# Solved: windows media player not playing dvds



## realnovice1 (Jan 16, 2010)

i've got the latest edition of media player but every time i go to play a dvd it will not open and i keep getting the dialogue box telling me to change my screen resolution and graphics. this doesnt help.
when going to the web help it says i have error message C00D116A.
I looked at driver updates,; i dont need them either for windows or intel graphics card
I have two separate media players (sony vaio and interactual 2.0) and they are also refusing to open and play, saying that it is a video subsystem problem.
any help warmly welcolme


----------



## vicks (Jan 31, 2005)

You might try this....http://majorgeeks.com/K-Lite_Codec_Pack_Standard_d4620.html
It could very possibly be you need the Kodec..
VIcks


----------



## Brucew0619 (Jan 13, 2011)

Well, about this situation, I suggest you to download a video code, maybe it will be helpful.
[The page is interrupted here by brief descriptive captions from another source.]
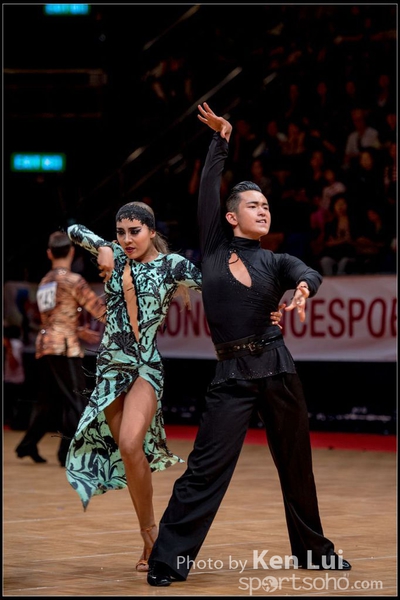 201506020WDSF1546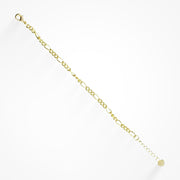 Casino Bracelet - EVRYJEWELS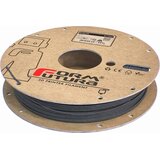 Formfutura CarbonFil™ Grey - 1,75 mm / 500 g | shoptok.hr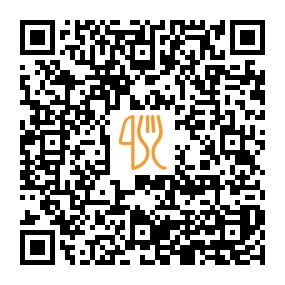 QR-code link naar het menu van Lush’s Tennessee Bbq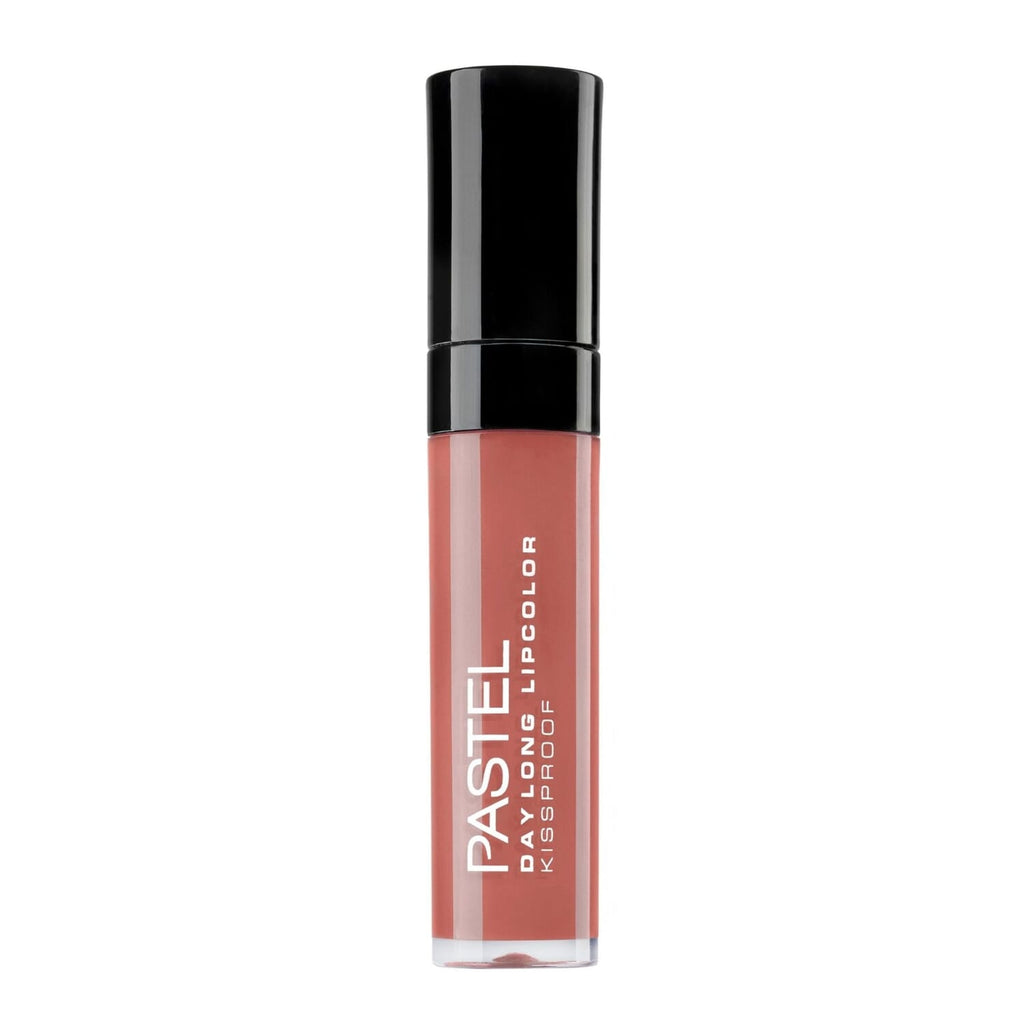 PASTEL DAYLONG LIPCOLOR KISSPROOF 46
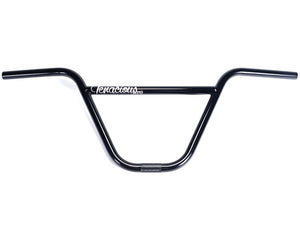 Colony TENacious Bars 10.0 ED Black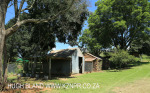 Owthorne Farm - Dargle - outbuildngs (2.) (2)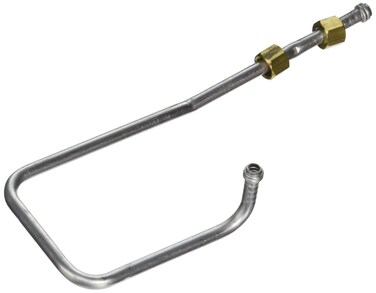 Kenmore WB28K10024 Burner Tube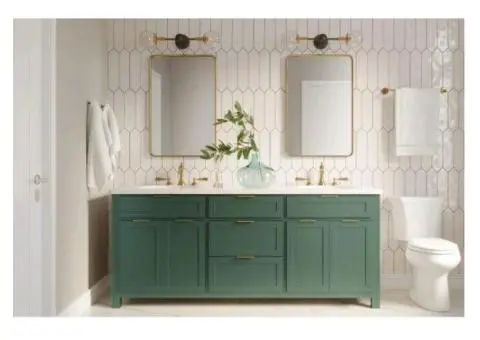 Tilers Adelaide Hills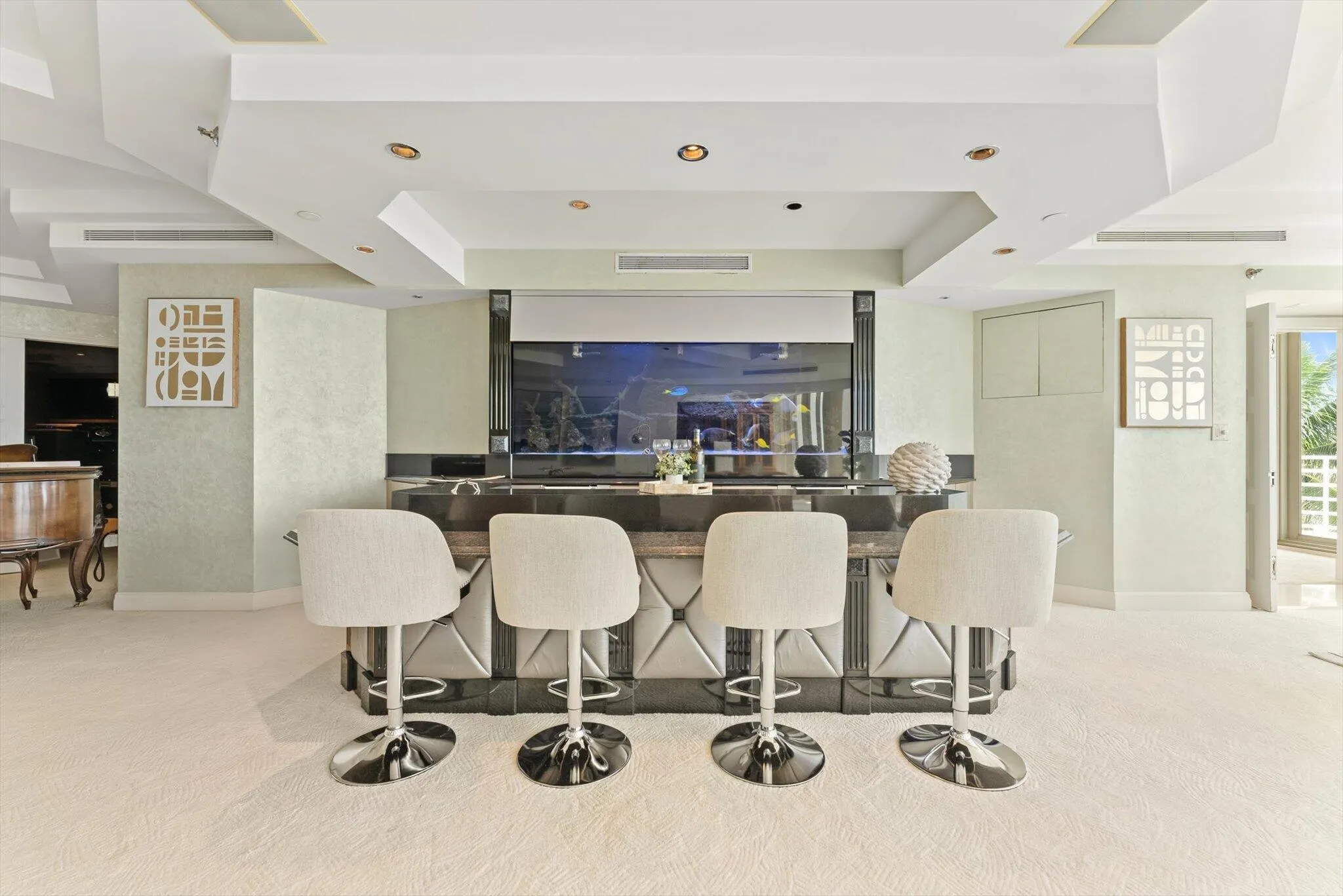 800 S Ocean Boulevard, #303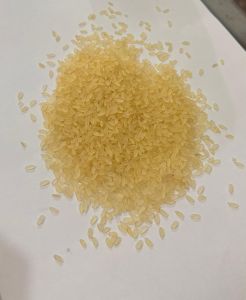 Sona Masoori Steam Rice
Due to the copyright, I do not support you to convert your DVD to MP4 or WMV to play with Windows Media Player.


----------



## realnovice1 (Jan 16, 2010)

thanks. It seems i needed a codec.
All is now well i think


----------



## vicks (Jan 31, 2005)

You can get it free. click on link in post #2
vicks


----------



## vicks (Jan 31, 2005)

Glad you have had success!! :up: 
When you are ready, you can click on the "marked solved" at the top of your original postl
Happy Computing!!!
Vicks


----------